La “deportazione” avviene sotto una colonna sonora tutt’altro che gradevole: «I tifosi del Verona delle poltronissime ci hanno gridato “terroni”, “africani”, “puzzate”, “fate schifo” e altre amenità del genere. Gli steward ci hanno portato in una sorta di gabbia con altri foggiani cui era capitata la stessa sorte. Ho chiesto l’intervento del responsabile della sicurezza: mi hanno detto che sarebbe arrivato, ma non si è presentato nessuno. Alla fine ce ne siamo andati a casa».

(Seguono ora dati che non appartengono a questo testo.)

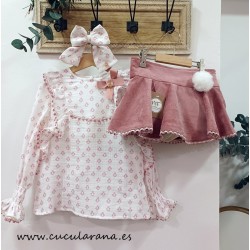 Noma Fernández Conjunto blusa y falda Trento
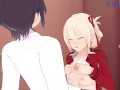 Chisato Nishikigi and I have intense sex in the restroom. - Lycoris Recoil Hentai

L’amarezza – a distanza di due giorni – fa ancora compagnia alla rabbia: «Siamo stati deportati per il solo fatto di aver gioito – afferma Cocca – Abbiamo pagato un biglietto che praticamente non abbiamo utilizzato. Il tutto nell’indifferenza generale, come se fosse una cosa normale: ma la Lega Calcio che parla di non violenza sa che succede questo negli stadi?». La vicenda del residente di Gavirate è stata ripresa dalla stampa foggiana e lo sfortunato protagonista ha incassato la solidarietà dei tifosi del Chievo («mi hanno telefonato») e della moglie di Franco Mancini, storico portiere dei rossoneri deceduto tre anni fa: «La sua chiamata mi ha rincuorato e dato forza».
Resta il grido d’allarme: «Vorrei che quanto successo fosse conosciuto il più possibile. È ora di cambiare le cose: non esiste al mondo che una persona non possa passare due ore in tranquillità a vedere una partita di calcio».